What you are asked to do – Write out the lines of the material below exactly, beginning at the line with "What does development" and stopping after the line with "The Soil Survey Handbook", and leave out the pictures.

Information shown –
§ §

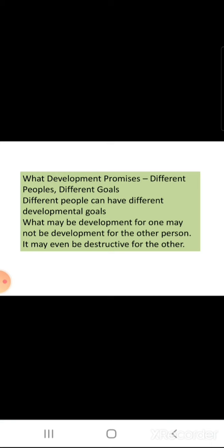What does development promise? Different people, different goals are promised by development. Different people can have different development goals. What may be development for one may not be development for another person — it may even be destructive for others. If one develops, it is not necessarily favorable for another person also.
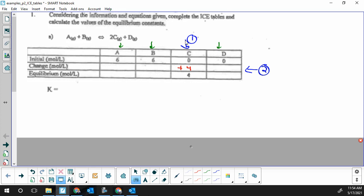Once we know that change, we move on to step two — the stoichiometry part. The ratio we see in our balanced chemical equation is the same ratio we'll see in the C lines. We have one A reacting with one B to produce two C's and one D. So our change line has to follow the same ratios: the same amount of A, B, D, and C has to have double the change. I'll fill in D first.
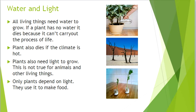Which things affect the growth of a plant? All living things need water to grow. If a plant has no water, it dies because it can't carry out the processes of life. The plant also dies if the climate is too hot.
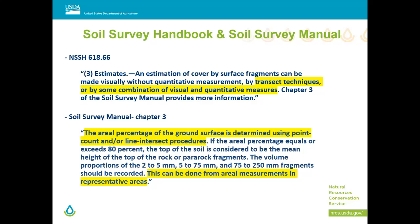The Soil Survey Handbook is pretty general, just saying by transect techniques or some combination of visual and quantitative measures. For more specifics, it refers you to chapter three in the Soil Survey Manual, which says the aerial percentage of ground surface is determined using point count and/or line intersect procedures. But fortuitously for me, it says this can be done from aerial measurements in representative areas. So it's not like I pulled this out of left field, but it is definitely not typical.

§ §

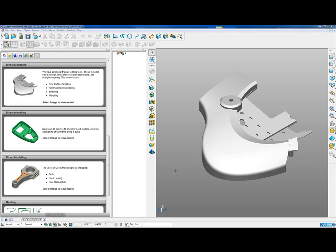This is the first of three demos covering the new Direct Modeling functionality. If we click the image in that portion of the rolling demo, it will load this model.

§ §

Written response –
What does development promise? Different people, different goals are promised by development. Different people can have different development goals. What may be development for one may not be development for another person — it may even be destructive for others. If one develops, it is not necessarily favorable for another person also.
Once we know that change, we move on to step two — the stoichiometry part. The ratio we see in our balanced chemical equation is the same ratio we'll see in the C lines. We have one A reacting with one B to produce two C's and one D. So our change line has to follow the same ratios: the same amount of A, B, D, and C has to have double the change. I'll fill in D first.
Which things affect the growth of a plant? All living things need water to grow. If a plant has no water, it dies because it can't carry out the processes of life. The plant also dies if the climate is too hot.
The Soil Survey Handbook is pretty general, just saying by transect techniques or some combination of visual and quantitative measures. For more specifics, it refers you to chapter three in the Soil Survey Manual, which says the aerial percentage of ground surface is determined using point count and/or line intersect procedures. But fortuitously for me, it says this can be done from aerial measurements in representative areas. So it's not like I pulled this out of left field, but it is definitely not typical.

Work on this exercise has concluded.